Invited commentary

Abstract

Three management strategies have been described for cerebral protection during aortic arch reconstruction. Hypothermic circulatory arrest (HCA) lowers the brain temperature with a concomitant reduction in cerebral metabolism. The protection imparted by the reduced cerebral metabolic rate is, however, time-dependent. It is oftentimes difficult to perform a complex arch reconstruction in the 45 to 60 minutes recommended as the safe limit for HCA. Retrograde cerebral perfusion (RCP) is, arguably, the most widely employed but least well studied of the three techniques. Selective superior vena caval perfusion cannot meet the brain’s metabolic demand due to perfusate runoff into the systemic venous circulation. The advantage of RCP lies in the continuous washout of particulate emboli from the head vessels. Atheromatous debris from arch aneurysms are thought to be the primary etiologic factor for neurologic sequelae following arch aneurysm repair. The third management strategy, antegrade cerebral perfusion (ACP), is employed by Takahara and colleagues in the current series with superb results. ACP provides better nutritive flow to the brain than either HCA or RCP. Although cannulation of the potentially diseased arch vessels can lead to atheroma embolization or exacerbation of dissection flaps, the enhanced cerebral protection allows the surgeon to operate on the aortic arch with little time constraint.
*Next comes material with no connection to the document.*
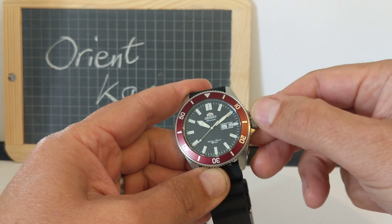There's a bezel around the outside — a really nice burgundy, sort of deep red bezel with 120 clicks. It's a really nice clicking action, smooth with a little bit of backward play.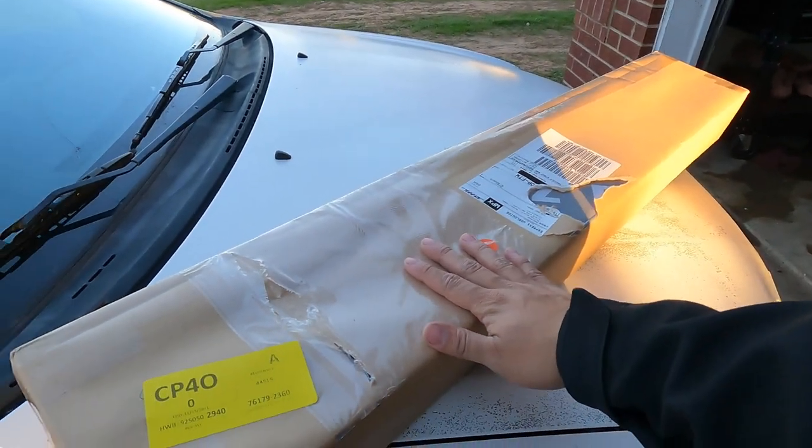Today I have a new part — I'll show you once I open it. I ordered the Blitz strut bar for my Honda Civic Type R from RHD Japan, which prices everything in yen since it ships straight from Japan, but the prices are a bit cheaper. As for actual performance gains, I don't think there's a lot — strut bars are mostly for the stiffness of the spring tower, so it's more for looks.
In the current series, the authors cannulate diseased arch vessels under direct vision (using HCA) and employ pH-stat management to abolish cerebral autoregulation. ACP is infrequently employed, as the cardiopulmonary bypass circuit is more complex (multiple roller heads) and the cannulation scheme is more cumbersome. The reported postoperative temporary neurologic dysfunction and stroke rates of 3% and 2%, respectively, should make the reader reconsider utilizing this management strategy in the patient who requires a complex aortic arch reconstruction.